Introduction

The chemokine CXCL13 in cerebrospinal fluid (CSF) is considered supportive in the differential diagnosis of Lyme neuroborreliosis (LNB) [1,2,3,4,5]. Elevated CXCL13 in CSF, however, also occur in other inflammatory central nervous system (CNS) diseases such as bacterial and viral meningitis, encephalitis, myelitis, and CNS lymphoma [6,7,8] and in patients with autoimmune CNS diseases such as multiple sclerosis (MS) and autoimmune encephalitis (AIE) [9, 10]. Beside differences for amount of CXCL13 elevations, the true function and significance of this chemokine in neuroinflammation is not fully established. As potent chemoattractant of B cells to peripheral lymph follicles, CXCL13 might play a similar role in the CNS immune defense and orchestrate B cell recruitment from peripheral blood into the CSF.

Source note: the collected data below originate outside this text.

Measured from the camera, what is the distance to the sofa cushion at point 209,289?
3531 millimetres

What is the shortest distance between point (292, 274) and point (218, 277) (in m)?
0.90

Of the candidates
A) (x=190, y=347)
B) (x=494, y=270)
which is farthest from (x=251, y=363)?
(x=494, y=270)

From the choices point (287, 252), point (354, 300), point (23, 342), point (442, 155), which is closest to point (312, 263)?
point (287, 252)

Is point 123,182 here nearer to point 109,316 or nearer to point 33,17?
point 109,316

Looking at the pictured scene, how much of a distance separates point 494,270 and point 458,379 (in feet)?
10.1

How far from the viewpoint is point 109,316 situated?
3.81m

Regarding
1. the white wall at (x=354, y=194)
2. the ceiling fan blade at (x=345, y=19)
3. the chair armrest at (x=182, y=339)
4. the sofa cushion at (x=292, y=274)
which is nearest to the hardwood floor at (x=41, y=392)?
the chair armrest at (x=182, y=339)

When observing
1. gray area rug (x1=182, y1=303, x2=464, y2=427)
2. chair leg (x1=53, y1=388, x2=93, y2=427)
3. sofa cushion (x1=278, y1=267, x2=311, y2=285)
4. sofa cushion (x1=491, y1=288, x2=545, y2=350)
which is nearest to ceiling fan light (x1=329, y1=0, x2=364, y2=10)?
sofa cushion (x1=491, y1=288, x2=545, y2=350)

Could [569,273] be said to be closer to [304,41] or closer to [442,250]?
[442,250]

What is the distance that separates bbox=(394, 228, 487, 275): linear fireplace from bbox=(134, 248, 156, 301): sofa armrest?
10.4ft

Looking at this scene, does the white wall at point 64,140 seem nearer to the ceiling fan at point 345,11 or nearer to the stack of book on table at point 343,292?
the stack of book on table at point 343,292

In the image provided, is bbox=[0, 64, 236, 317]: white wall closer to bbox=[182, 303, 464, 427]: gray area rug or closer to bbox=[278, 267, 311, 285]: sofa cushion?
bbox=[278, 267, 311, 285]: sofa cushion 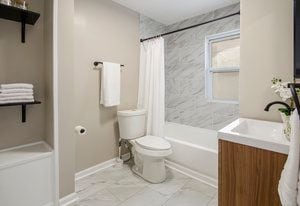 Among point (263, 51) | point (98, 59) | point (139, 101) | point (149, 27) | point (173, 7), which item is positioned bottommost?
point (139, 101)

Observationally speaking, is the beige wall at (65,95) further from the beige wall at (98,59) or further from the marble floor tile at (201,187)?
the marble floor tile at (201,187)

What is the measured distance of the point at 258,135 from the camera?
1.36 m

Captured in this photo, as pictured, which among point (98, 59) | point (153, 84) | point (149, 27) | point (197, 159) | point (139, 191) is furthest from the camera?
point (149, 27)

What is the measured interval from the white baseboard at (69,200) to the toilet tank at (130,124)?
0.91m

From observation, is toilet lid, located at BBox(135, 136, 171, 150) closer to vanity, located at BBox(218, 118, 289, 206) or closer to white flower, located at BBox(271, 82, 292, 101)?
vanity, located at BBox(218, 118, 289, 206)

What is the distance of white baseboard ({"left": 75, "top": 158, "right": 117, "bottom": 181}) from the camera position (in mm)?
2172

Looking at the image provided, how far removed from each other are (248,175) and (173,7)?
8.04 ft

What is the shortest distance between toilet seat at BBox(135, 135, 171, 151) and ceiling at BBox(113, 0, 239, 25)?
74.1 inches

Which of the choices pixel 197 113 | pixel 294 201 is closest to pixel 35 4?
pixel 294 201

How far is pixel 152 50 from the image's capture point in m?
2.52

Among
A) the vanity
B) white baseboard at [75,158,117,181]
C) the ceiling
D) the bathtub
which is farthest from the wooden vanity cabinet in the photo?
the ceiling

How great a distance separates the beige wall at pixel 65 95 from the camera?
1.58 m

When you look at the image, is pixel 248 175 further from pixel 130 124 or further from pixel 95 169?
pixel 95 169

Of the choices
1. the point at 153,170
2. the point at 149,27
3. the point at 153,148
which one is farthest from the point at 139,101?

In this observational study, we investigated CXCL13 in the CSF of patients with established CNS infections other than LNB and related CXCL13 concentrations in CSF at admission and for control to the clinical disease course. Our aim was to clarify and broaden our understanding of the relevance of this key chemokine in neuroinfections.

Material and methods

This retrospective study included 26 patients collected from chart records at the Department of Neurology of the Paracelsus Medical University during the years 2015–2017, and was approved by the local ethics committee of Salzburg (415-E/2218/5-2017). Inclusion criteria were discharge diagnosis of bacterial or viral neuroinfectious disease and CXCL13 determined twice, from CSF collected at admission and one follow-up lumbar puncture (LP). The neuroinfectious diseases were bacterial meningoencephalitis (n = 10; meningitis, n = 6; meningitis and CNS abscess, n = 3; meningitis and CNS vasculitis, n = 1), tick-borne meningoencephalitis (TBE, n = 6; meningitis, n = 4; encephalitis, n = 2), and varicella zoster virus (VZV) infections (n = 10; meningitis, n = 6; monoradiculitis, n = 2; monoradiculitis and CNS vasculitis, n = 1; encephalomyelitis, n = 1). All patients with bacterial infections received antibiotics; eight of ten patients with VZV infections received aciclovir.

We dichotomized patients according to their disease course into groups “uncomplicated” (meningitis, monoradiculitis) or “complicated” (signs of CNS involvement such as encephalitis, myelitis, abscess, or vasculitis). Figure 1 provides a detailed overview of the patient stratification including information on the type of infection and associated causative pathogens.

Fig. 1
figure 1

Overview of patient stratification according to disease course. Abbreviations: dysg, dysgalacticae; n.d., not defined; pneum., pneumoniae; Staph., Staphylococcus; Strept., Streptococcus; TBE, tick-borne encephalitis; VZV, varicella zoster virus infection

CSF laboratory diagnostics including CSF cell count, cell differential (predominance of granulocytes or lympho- and monocytes), CSF/serum albumin quotient (QAlb), pathogen detection, and determination of CXCL13 (Euroimmune) were performed at the Department of Laboratory Medicine of the PMU, Salzburg. We applied the 250-pg/ml cut-off for defining highly elevated CSF CXCL13, as this is our local cut-off for supporting the diagnosis of LNB established by ROC analysis of regional patients (unpublished data) and in line with literature [2, 11].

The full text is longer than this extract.